Alors que YouTube Kids a été lancé il y a quelques semaines seulement, Google poursuit le développement de son offre avec une application YouTube Gaming pour la France, une nouvelle déclinaison de son service de vidéo, spécialisée cette fois dans le jeu vidéo. Ce nouveau service centralise désormais les contenus liés au jeu vidéo et mise sur le live pour reconquérir la communauté des joueurs. Car si la plate-forme YouTube compte des millions de vues par jour autour du gaming, elle est distancée pour le direct par Twitch qui a su mieux profiter de l’explosion du secteur.
YouTube Gaming France, un service dédié aux joueurs
YouTube Gaming, sur le modèle de YouTube Kids[1], est une version spécialisée de YouTube qui propose une interface spécifique et seulement des contenus liés au jeu-vidéo.
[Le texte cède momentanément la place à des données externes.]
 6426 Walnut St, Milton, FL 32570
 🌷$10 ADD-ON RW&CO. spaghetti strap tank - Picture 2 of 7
Le service a été lancé par Google en août 2015 dans le monde entier pour sa version accessible sur un navigateur web mais en anglais seulement et également sous forme d’application aux Etats-Unis et au Royaume-Uni. Après un peu plus d’un an Google a lancé l’application iOS et Android en France ce qui permet aux utilisateurs regarder des contenus en mobilité en bonne condition mais également de diffuser en direct leurs parties de jeux mobiles. Le lancement de l’application est stratégique pour le groupe car les terminaux mobiles représenteraient selon Google plus de la moitié de la consommation dans les pays où l’application est disponible. Le service web est désormais également disponible en français.
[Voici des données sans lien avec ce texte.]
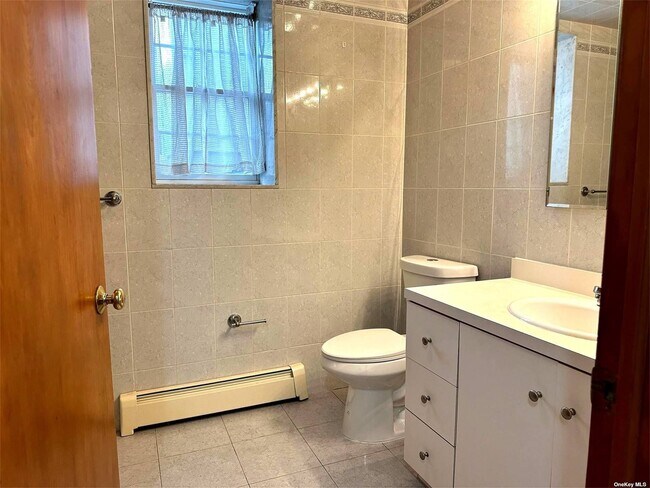 Foto del edificio - 42-28 214th Pl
La promesse de YouTube Gaming est de proposer aux joueurs une plate-forme entièrement adaptée et pensée pour leur passion. Ainsi, le service dispose d’un catalogue entièrement tourné vers le jeu puisque l’algorithme du service utilise les tags appliqués par les créateurs de vidéo pour identifier les contenus et chaînes liés au jeu vidéo. Par conséquent, l’utilisateur se voit proposer en page d’accueil des recommandations de vidéo de gaming et le moteur de recherche est limité aux contenus et créateurs spécialisés dans le gaming. En outre, à la différence de la version classique de YouTube, le service permet une entrée par jeux. Ainsi, lors du lancement de l’application, l’utilisateur se voit proposer une présélection de jeux qui pourraient l’intéresser (en fonction de son historique) et il a la possibilité d’en ajouter d’autres afin que sa page d’accueil soit personnalisée. Le service propose un catalogue de 25 000 références de jeux.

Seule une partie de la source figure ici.